Nous voici parvenus à l’époque où les saints lieux commencent à briller d’un éclat qui ne s’effacera plus. Constantin 154 , ayant fait monter la religion sur le trône, écrivit à Macaire, évêque de Jérusalem. Il lui ordonna de décorer le tombeau du Sauveur d’une superbe basilique 155 . Hélène, mère de l’empereur, se transporta en Palestine, et fit elle-même chercher le Saint-Sépulcre. Il avait été caché sous la fondation des édifices d’Adrien. Un Juif, apparemment chrétien, qui, selon Sozomène, avait gardé des Mémoires de ses pères, indiqua la place où devait se trouver le tombeau. Hélène eut la gloire de rendre à la religion le monument sacré.
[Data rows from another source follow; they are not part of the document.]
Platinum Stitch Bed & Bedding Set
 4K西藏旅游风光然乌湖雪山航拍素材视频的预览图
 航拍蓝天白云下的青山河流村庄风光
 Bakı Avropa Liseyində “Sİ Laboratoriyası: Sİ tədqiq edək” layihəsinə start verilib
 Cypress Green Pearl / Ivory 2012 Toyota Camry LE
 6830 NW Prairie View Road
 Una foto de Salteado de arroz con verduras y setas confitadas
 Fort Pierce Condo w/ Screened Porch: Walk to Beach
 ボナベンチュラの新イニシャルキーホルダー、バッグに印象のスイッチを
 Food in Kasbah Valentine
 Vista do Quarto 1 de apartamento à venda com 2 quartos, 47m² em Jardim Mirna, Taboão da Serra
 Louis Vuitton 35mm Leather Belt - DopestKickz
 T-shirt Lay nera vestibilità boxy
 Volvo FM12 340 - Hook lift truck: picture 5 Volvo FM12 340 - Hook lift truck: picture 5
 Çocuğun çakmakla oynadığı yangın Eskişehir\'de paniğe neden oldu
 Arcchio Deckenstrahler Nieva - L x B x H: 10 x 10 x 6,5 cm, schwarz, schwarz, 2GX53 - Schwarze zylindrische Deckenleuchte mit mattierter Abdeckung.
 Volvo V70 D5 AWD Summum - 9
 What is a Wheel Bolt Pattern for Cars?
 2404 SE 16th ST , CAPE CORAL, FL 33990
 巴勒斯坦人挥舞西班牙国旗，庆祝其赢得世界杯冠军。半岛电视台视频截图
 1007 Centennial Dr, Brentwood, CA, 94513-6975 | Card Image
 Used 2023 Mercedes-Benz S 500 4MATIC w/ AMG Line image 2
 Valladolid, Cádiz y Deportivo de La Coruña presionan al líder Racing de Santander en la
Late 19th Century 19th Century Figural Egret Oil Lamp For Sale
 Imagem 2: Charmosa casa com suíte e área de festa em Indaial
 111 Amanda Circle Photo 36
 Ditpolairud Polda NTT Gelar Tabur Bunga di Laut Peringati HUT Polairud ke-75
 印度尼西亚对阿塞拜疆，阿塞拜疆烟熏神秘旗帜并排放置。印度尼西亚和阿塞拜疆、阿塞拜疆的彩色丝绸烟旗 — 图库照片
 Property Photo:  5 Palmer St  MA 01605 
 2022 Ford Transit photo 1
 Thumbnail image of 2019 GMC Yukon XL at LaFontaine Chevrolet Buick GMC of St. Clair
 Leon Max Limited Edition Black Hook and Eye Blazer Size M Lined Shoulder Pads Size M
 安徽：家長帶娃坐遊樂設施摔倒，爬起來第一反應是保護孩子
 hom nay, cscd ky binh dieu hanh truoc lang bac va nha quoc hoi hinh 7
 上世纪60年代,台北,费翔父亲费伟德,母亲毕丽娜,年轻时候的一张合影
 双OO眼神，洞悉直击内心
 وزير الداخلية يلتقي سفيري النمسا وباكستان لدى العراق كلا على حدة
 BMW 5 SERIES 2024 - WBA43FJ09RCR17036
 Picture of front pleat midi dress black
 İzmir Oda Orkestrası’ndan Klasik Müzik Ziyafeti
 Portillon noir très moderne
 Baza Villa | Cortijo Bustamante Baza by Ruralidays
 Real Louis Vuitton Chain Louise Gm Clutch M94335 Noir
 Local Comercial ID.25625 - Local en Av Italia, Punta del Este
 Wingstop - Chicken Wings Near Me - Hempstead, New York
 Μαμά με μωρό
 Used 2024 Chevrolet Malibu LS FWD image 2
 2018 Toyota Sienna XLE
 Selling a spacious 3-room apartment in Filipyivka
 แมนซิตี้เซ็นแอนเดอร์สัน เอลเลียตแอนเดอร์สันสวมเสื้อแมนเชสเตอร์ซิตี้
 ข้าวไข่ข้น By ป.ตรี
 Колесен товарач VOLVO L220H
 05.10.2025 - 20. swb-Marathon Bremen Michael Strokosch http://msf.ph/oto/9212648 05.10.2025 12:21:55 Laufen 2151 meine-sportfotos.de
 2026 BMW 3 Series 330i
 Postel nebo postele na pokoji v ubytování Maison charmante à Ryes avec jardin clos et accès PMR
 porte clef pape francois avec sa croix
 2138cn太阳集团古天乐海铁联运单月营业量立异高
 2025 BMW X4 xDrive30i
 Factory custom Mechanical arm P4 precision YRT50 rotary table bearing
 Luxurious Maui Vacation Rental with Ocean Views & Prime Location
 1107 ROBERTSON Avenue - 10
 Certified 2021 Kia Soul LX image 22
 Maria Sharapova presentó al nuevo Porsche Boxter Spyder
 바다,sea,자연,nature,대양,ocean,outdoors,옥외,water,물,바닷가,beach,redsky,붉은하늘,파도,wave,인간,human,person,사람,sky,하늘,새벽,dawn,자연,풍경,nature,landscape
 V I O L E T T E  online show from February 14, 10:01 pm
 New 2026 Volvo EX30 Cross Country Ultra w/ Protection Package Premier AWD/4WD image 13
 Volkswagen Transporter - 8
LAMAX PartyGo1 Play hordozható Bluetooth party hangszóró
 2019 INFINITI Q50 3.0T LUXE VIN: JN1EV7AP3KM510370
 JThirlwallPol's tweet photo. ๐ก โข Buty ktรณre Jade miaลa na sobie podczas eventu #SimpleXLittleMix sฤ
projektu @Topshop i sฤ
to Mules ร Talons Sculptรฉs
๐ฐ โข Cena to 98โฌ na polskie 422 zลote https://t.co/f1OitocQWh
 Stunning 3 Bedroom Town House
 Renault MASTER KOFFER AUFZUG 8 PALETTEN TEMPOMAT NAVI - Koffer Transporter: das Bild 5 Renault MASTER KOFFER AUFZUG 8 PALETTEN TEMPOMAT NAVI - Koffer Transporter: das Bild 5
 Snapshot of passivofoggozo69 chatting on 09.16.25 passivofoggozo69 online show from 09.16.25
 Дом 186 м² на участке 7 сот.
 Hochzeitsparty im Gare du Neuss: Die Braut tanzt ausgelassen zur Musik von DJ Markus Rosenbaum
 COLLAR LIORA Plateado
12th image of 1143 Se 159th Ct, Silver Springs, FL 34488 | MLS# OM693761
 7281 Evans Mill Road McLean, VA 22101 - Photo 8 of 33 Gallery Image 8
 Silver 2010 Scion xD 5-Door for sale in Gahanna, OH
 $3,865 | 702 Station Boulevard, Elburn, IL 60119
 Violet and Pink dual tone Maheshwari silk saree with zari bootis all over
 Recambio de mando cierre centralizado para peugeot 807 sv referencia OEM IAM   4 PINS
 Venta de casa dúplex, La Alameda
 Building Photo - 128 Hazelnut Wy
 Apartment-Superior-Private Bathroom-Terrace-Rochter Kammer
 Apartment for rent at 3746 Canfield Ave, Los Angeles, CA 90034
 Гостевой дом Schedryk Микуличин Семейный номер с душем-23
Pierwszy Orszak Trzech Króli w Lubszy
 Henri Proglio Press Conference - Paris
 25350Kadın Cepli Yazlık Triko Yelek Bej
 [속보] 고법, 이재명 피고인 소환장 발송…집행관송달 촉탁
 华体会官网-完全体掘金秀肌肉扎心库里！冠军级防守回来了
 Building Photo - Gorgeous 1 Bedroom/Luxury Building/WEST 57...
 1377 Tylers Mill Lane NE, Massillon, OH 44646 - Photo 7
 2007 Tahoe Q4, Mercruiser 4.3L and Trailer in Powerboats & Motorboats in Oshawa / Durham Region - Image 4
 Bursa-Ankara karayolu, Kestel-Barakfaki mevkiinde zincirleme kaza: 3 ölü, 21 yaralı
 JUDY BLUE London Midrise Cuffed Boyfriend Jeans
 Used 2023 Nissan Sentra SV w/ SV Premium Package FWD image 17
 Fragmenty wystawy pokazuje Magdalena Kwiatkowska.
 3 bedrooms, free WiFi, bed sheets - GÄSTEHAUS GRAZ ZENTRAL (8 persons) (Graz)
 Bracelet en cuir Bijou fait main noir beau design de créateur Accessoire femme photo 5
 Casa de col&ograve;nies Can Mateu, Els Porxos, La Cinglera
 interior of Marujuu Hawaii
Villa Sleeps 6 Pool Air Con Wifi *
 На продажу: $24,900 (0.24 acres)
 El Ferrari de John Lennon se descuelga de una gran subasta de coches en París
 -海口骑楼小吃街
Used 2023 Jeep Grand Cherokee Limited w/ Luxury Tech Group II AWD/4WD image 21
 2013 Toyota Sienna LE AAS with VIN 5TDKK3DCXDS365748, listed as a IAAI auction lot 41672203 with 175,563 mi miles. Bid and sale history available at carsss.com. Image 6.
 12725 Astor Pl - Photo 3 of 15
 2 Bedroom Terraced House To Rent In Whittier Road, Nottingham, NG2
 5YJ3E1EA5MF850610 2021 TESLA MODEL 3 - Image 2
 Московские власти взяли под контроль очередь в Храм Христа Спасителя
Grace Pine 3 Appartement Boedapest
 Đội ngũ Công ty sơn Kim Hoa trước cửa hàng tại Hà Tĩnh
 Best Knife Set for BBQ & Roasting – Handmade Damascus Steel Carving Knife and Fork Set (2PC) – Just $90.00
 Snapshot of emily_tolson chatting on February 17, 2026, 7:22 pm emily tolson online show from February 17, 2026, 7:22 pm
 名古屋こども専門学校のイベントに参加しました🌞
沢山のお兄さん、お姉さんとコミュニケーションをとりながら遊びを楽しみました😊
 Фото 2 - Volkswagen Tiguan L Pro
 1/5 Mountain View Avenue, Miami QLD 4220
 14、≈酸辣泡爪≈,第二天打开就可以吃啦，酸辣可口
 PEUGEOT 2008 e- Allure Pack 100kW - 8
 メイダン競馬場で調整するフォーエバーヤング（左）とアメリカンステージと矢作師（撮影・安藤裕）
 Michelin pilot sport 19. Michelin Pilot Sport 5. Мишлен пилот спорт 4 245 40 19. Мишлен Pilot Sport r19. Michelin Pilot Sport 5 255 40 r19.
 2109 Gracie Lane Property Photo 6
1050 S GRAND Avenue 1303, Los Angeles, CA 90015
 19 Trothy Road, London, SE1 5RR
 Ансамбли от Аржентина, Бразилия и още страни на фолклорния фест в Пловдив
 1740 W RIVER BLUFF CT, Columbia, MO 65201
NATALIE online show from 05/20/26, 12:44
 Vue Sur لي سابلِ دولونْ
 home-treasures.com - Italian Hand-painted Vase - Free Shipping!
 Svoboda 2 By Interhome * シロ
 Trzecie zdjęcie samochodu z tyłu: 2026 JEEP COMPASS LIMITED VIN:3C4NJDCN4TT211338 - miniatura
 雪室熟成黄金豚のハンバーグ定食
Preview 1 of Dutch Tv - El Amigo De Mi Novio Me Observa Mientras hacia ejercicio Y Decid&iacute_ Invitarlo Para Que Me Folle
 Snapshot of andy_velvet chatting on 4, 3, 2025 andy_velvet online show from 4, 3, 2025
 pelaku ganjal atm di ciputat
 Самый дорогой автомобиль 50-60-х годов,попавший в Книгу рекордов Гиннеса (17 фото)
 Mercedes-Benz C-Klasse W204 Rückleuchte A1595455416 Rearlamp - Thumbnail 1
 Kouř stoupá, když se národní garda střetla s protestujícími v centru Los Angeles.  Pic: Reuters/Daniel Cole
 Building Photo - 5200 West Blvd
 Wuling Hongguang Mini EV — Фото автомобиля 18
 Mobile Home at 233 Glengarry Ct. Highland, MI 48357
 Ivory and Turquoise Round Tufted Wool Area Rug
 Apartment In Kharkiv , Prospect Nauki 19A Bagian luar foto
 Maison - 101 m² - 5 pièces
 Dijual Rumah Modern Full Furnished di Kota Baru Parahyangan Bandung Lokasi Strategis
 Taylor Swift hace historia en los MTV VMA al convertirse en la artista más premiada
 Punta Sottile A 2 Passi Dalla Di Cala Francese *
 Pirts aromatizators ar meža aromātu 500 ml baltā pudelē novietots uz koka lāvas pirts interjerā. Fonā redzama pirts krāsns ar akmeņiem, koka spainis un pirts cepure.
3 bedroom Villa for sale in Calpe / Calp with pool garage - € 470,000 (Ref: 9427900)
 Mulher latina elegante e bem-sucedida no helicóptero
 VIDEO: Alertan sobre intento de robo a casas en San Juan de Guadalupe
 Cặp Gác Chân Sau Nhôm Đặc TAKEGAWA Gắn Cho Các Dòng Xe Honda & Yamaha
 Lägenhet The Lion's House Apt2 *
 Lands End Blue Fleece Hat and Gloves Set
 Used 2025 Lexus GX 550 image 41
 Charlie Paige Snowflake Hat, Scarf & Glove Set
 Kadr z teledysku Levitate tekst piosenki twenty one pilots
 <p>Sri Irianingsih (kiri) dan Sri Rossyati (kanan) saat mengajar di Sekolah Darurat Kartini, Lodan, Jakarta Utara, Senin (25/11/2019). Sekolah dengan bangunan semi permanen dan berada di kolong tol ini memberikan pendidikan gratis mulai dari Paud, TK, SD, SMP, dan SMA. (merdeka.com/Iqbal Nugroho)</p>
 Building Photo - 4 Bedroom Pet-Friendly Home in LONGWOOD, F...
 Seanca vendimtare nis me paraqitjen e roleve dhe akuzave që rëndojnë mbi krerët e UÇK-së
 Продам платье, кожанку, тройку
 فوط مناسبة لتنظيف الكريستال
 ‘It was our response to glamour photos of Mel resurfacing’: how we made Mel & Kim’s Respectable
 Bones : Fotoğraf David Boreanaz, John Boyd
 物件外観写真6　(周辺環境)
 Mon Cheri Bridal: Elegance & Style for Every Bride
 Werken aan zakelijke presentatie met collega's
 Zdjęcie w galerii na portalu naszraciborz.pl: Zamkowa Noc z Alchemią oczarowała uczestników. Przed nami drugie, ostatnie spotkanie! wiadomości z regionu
Elle découvrit encore trois croix, dont l’une se fit reconnaître à des miracles pour la croix du Rédempteur 156 . Non seulement on bâtit une magnifique église auprès du Saint-Sépulcre, mais Hélène en fit encore élever deux autres : l’une sur la crèche du Messie à Bethléem, l’autre sur la montagne des Oliviers, en mémoire de l’Ascension du Seigneur 157 . Des chapelles, des oratoires, des autels, marquèrent peu à peu tous les endroits consacrés par les actions du Fils de l’Homme : les traditions orales furent écrites et mises à l’abri de l’infidélité de la mémoire.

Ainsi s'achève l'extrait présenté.